### Activity
Return the data exactly, with all pictures removed.

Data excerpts
== Segment start ==

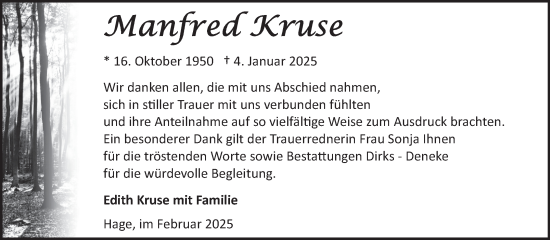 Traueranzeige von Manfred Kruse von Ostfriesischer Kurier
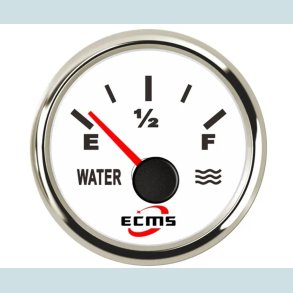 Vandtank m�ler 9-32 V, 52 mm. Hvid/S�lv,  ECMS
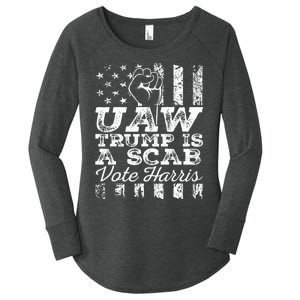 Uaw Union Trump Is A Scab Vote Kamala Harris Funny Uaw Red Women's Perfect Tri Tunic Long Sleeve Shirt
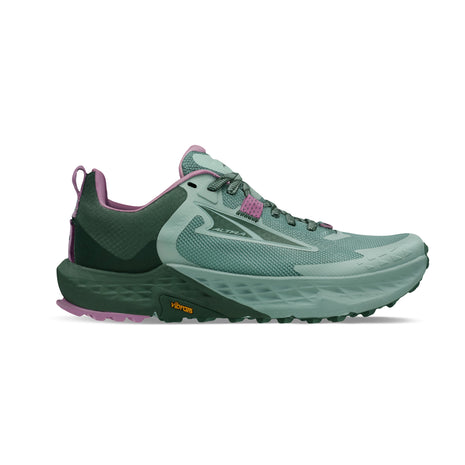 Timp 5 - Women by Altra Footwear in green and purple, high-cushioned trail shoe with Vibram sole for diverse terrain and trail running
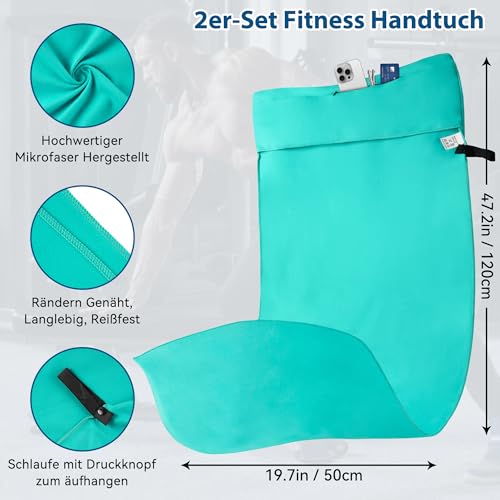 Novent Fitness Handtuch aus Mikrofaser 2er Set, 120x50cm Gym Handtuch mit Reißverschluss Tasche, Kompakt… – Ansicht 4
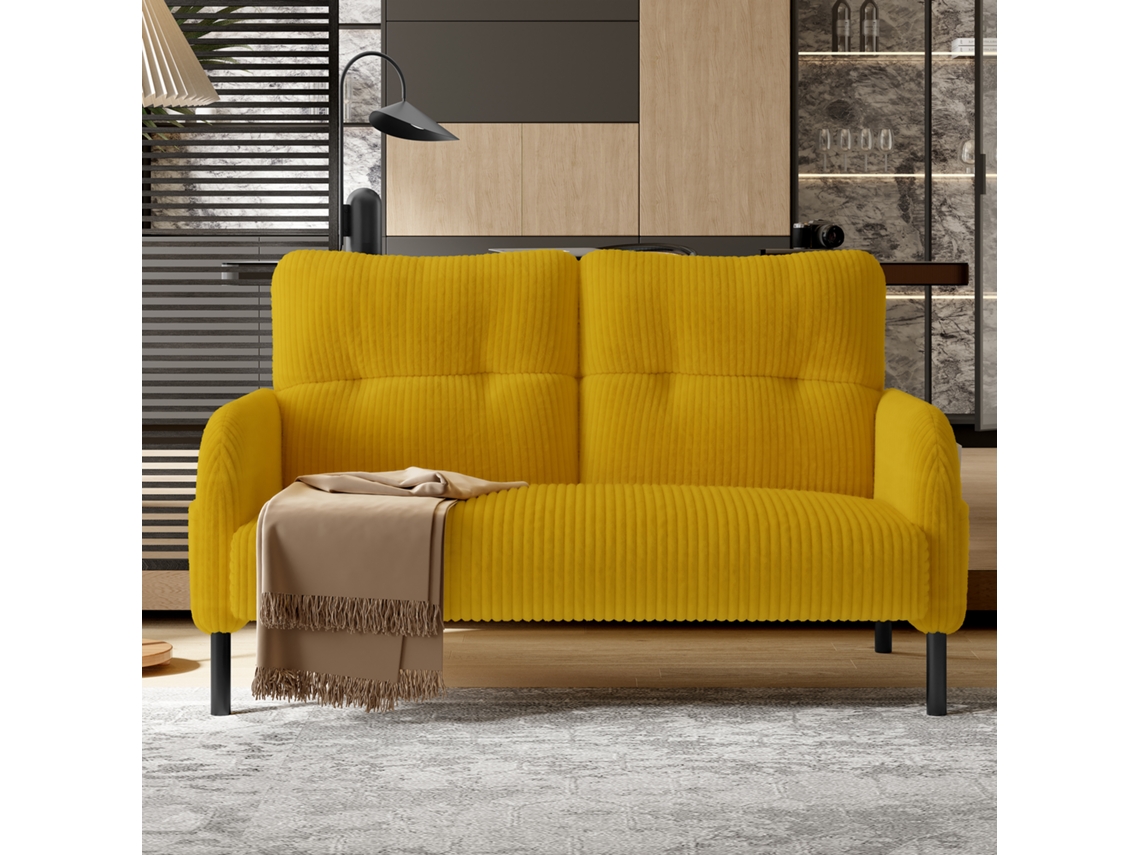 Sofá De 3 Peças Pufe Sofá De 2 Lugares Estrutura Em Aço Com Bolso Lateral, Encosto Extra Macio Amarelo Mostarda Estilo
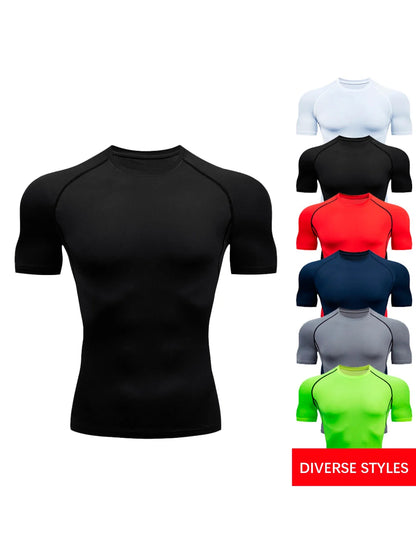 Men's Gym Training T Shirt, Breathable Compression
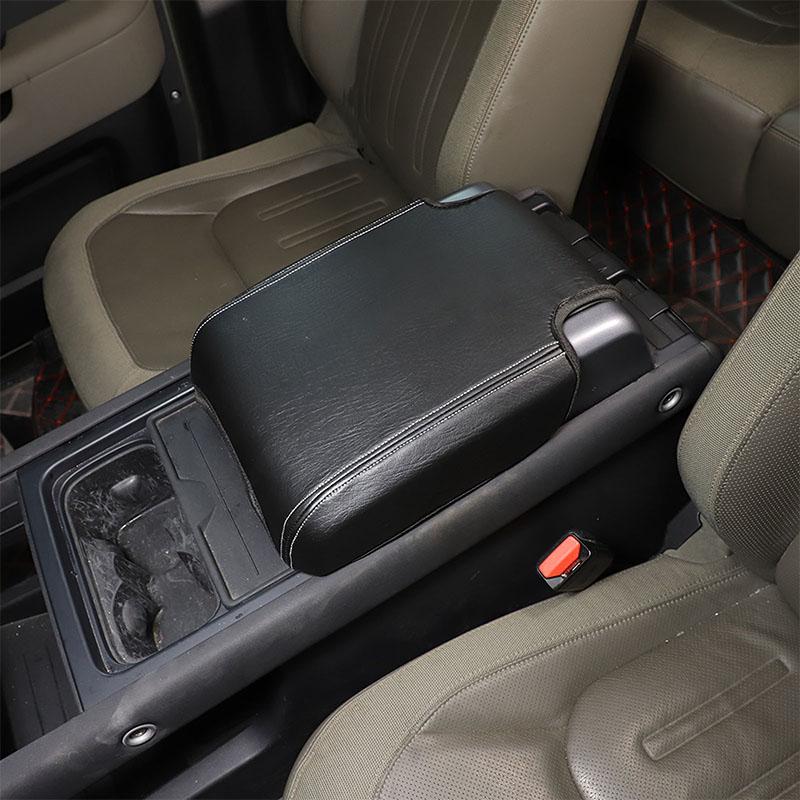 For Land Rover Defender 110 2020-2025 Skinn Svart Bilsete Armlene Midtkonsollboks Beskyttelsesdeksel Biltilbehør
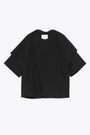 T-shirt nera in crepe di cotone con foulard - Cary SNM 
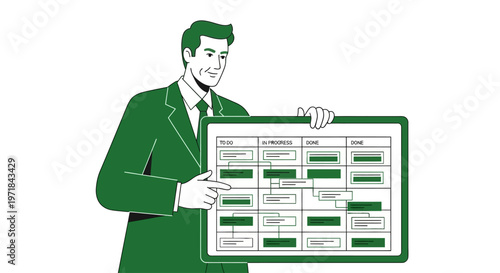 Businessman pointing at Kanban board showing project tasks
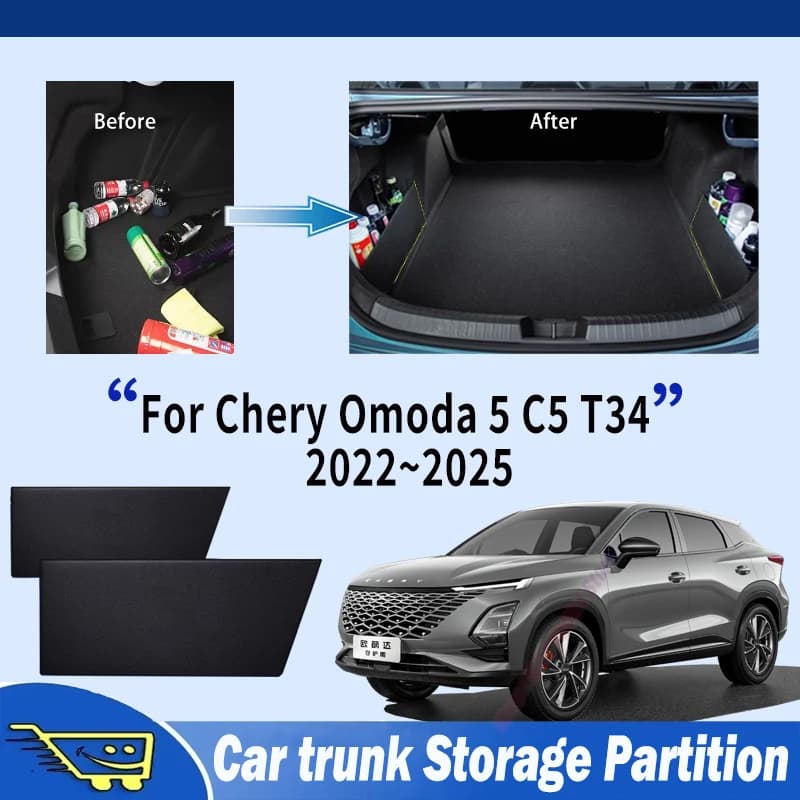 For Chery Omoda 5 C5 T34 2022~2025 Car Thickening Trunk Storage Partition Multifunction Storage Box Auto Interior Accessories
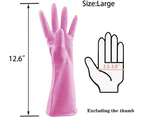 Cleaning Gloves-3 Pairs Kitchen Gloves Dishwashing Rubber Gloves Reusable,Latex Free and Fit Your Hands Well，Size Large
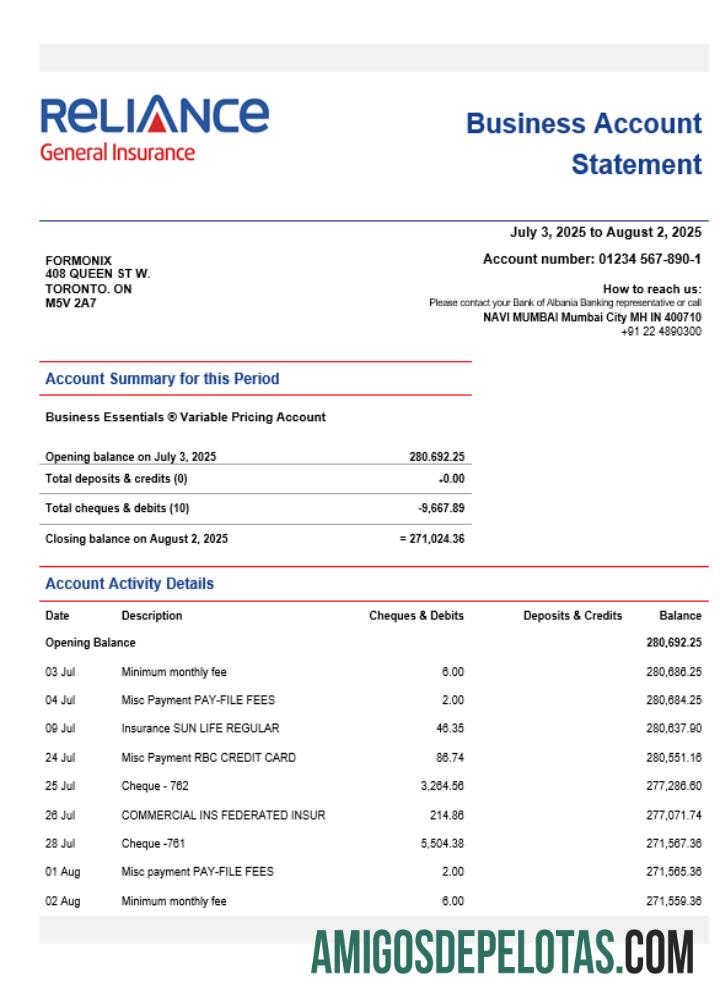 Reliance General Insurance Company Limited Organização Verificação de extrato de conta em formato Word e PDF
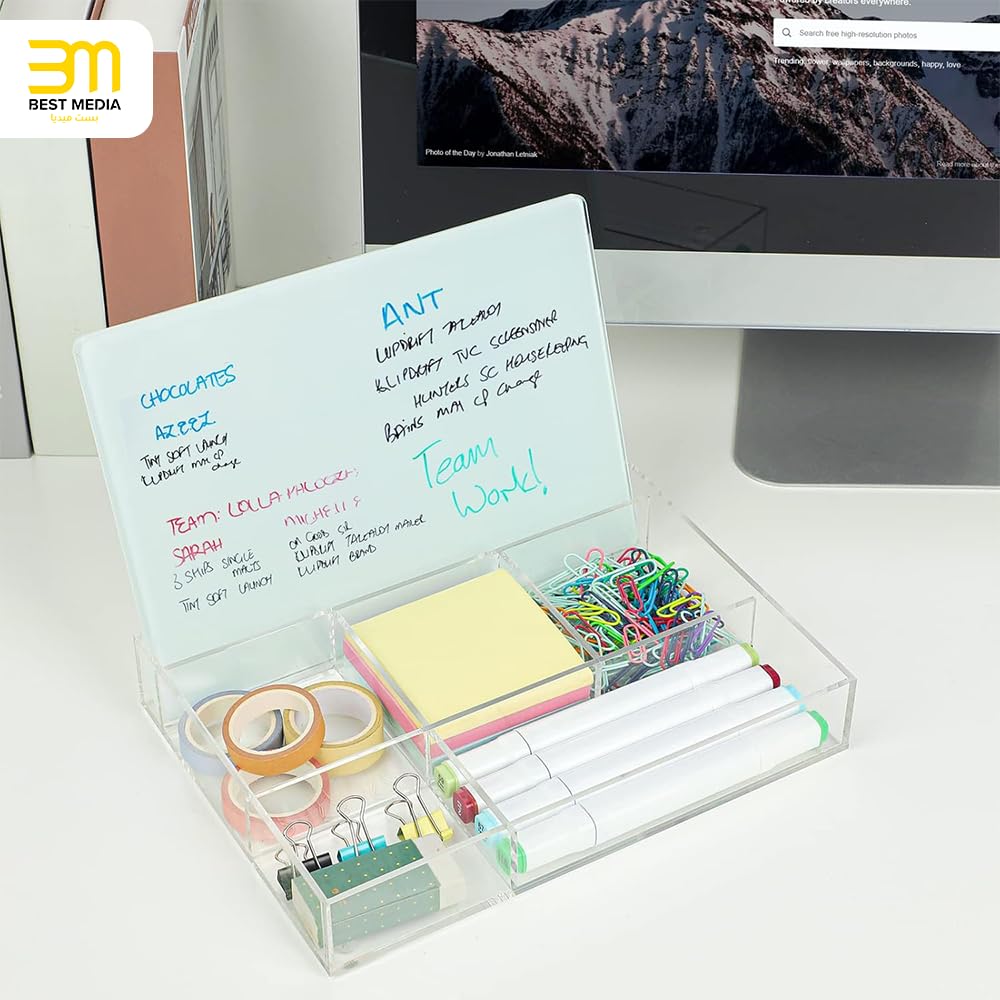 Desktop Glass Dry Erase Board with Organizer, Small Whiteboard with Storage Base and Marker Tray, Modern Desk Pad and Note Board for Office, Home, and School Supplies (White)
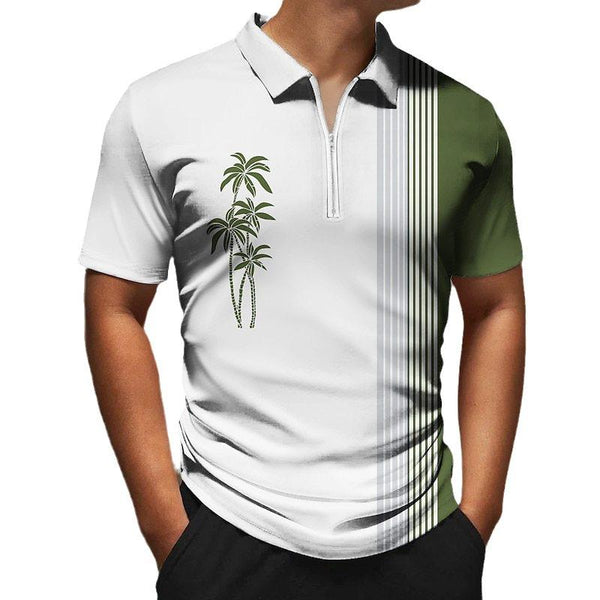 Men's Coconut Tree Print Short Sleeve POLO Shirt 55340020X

== Segment end ==

### Answer area
 Traueranzeige von Manfred Kruse von Ostfriesischer Kurier
 Vandtank m�ler 9-32 V, 52 mm. Hvid/S�lv,  ECMS
 Uaw Union Trump Is A Scab Vote Kamala Harris Funny Uaw Red Women's Perfect Tri Tunic Long Sleeve Shirt
 Timp 5 - Women by Altra Footwear in green and purple, high-cushioned trail shoe with Vibram sole for diverse terrain and trail running
 Novent Fitness Handtuch aus Mikrofaser 2er Set, 120x50cm Gym Handtuch mit Reißverschluss Tasche, Kompakt… – Ansicht 4
 Sofá De 3 Peças Pufe Sofá De 2 Lugares Estrutura Em Aço Com Bolso Lateral, Encosto Extra Macio Amarelo Mostarda Estilo
 Men's Gym Training T Shirt, Breathable Compression
 For Land Rover Defender 110 2020-2025 Skinn Svart Bilsete Armlene Midtkonsollboks Beskyttelsesdeksel Biltilbehør
 T-shirt nera in crepe di cotone con foulard - Cary SNM 
 Businessman pointing at Kanban board showing project tasks
 For Chery Omoda 5 C5 T34 2022~2025 Car Thickening Trunk Storage Partition Multifunction Storage Box Auto Interior Accessories
 Cleaning Gloves-3 Pairs Kitchen Gloves Dishwashing Rubber Gloves Reusable,Latex Free and Fit Your Hands Well，Size Large
 Reliance General Insurance Company Limited Organização Verificação de extrato de conta em formato Word e PDF
 Desktop Glass Dry Erase Board with Organizer, Small Whiteboard with Storage Base and Marker Tray, Modern Desk Pad and Note Board for Office, Home, and School Supplies (White)
 Men's Coconut Tree Print Short Sleeve POLO Shirt 55340020X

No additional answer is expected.